(Your instructions):
The records below hold a stretch from the line with "rear view of" through the line with "622 N Rockingham"; return exactly those lines, ends included, and nothing more.

(Extracted material):
▬▬▬
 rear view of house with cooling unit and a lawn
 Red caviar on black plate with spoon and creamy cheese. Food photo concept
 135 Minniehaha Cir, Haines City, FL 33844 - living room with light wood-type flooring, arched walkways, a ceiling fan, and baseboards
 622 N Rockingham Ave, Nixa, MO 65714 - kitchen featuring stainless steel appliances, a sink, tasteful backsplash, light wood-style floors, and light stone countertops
▬▬▬
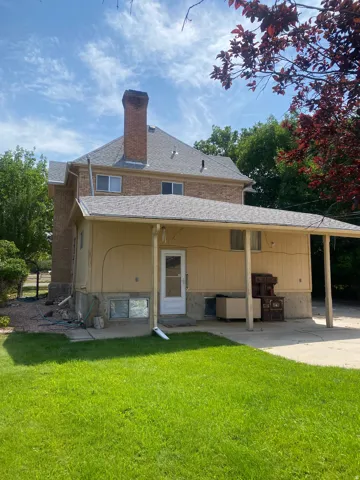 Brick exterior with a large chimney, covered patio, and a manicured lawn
▬▬▬
(Completed task):
 rear view of house with cooling unit and a lawn
 Red caviar on black plate with spoon and creamy cheese. Food photo concept
 135 Minniehaha Cir, Haines City, FL 33844 - living room with light wood-type flooring, arched walkways, a ceiling fan, and baseboards
 622 N Rockingham Ave, Nixa, MO 65714 - kitchen featuring stainless steel appliances, a sink, tasteful backsplash, light wood-style floors, and light stone countertops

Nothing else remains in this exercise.